Barry Bradlyn receives NSF CAREER Award

Siv Schwink for Illinois Physics
6/30/2020

Illinois Physics Professor Barry Bradlyn. Photo by Fred Zwicky, University of Illinois at Urbana-Champaign
Illinois Physics Professor Barry Bradlyn. Photo by Fred Zwicky, University of Illinois at Urbana-Champaign
Illinois Physics Assistant Professor Barry Bradlyn has been selected for a 2020 National Science Foundation CAREER (Faculty Early Career Development) Award. This award is conferred annually in support of junior faculty who excel in the role of teacher-scholars by integrating outstanding research programs with excellent educational programs. Receipt of this award also reflects great promise for a lifetime of leadership within the recipients’ respective fields.

Bradlyn is a theoretical condensed matter physicist whose work studying the novel quantum properties inherent in topological insulators and topological semimetals has already shed new light on these extraordinary systems. Among his contributions, he developed a real-space formulation of topological band theory, allowing for the prediction of many new topological insulators and semimetals.

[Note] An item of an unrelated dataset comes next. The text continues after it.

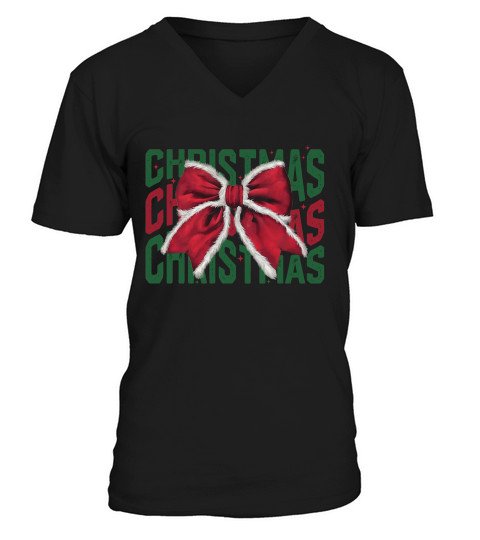 Christmas bow3 V-Neck T-shirt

Topology is the mathematical concept that quantum properties are conserved even when the shape of a material is contorted or stretched. Over the last decade, physicists have made great strides in understanding the bizarre emergent quantum phenomena in topological materials, including the ability of some classical insulators to carry electrical current without resistance along their edges.

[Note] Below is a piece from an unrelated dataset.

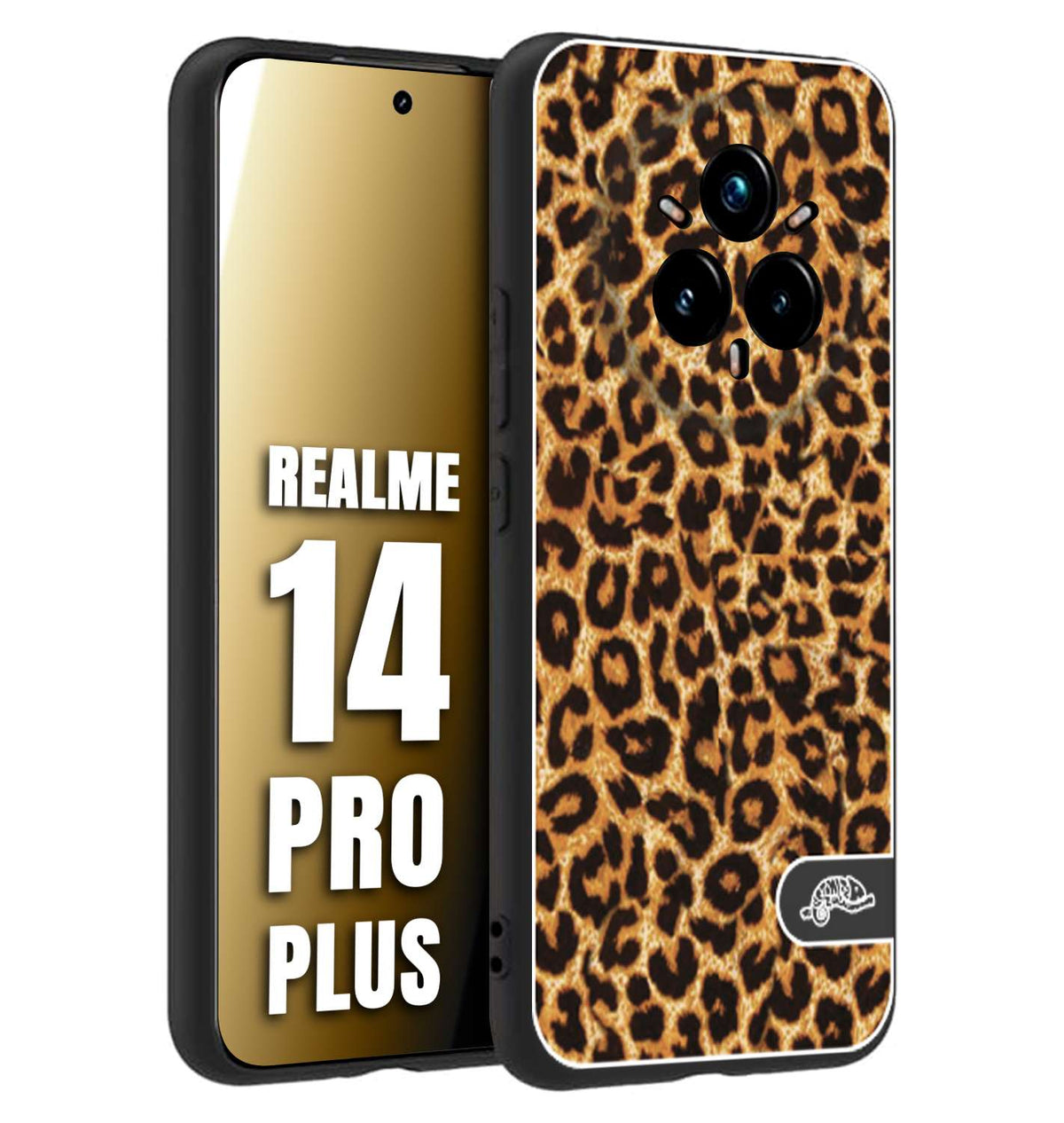 CUSTOMIZZA - Custodia cover nera morbida in tpu compatibile per Realme 14 PRO PLUS leopardato maculato donna marrone leopard brown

Because topology is robust, it has great potential for new technologies, especially in classical-computing and quantum-computing hardware. But many obstacles to our understanding of topological materials still stand in the way of developing such technologies.

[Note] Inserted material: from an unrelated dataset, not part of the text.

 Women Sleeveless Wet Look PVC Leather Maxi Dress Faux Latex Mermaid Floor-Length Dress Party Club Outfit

Bradlyn’s CAREER Award will support a project titled, “Topology and Geometry in Condensed Matter Systems.” Bradlyn and his research team will use symmetries to characterize properties of topological materials through their interactions with external probes, such as light and magnetic fields. Examining the interplay between crystal symmetries and electron-electron interactions in these materials will enable Bradlyn’s team to discover new examples of topology in existing materials and to design new topological materials. This work has strong implications for advances in quantum computing.

Bradlyn’s CAREER Award will additionally support education in quantum science through the development of an advanced graduate course at Illinois Physics on Berry phases and topology in electronic structure. The grant will also support training of undergraduate researchers on his team in theoretical physics and quantum information science. Furthermore, the grant will provide support for an outreach plan that uses techniques from statistical physics to study online harassment and its spread across social media platforms, demonstrating the applications of physics to data science.

Bradlyn is a member of the Institute for Condensed Matter Physics and of the Illinois Quantum Information Science and Technology Center, both at the University of Illinois at Urbana-Champaign. He is a recipient of the Alfred P. Sloan Foundation Research Fellowship (2020). He is the very first Illinois faculty member ever to receive the McMillan Award (2019), presented annually by Illinois Physics to an outstanding early-career condensed matter physicist working anywhere in the world.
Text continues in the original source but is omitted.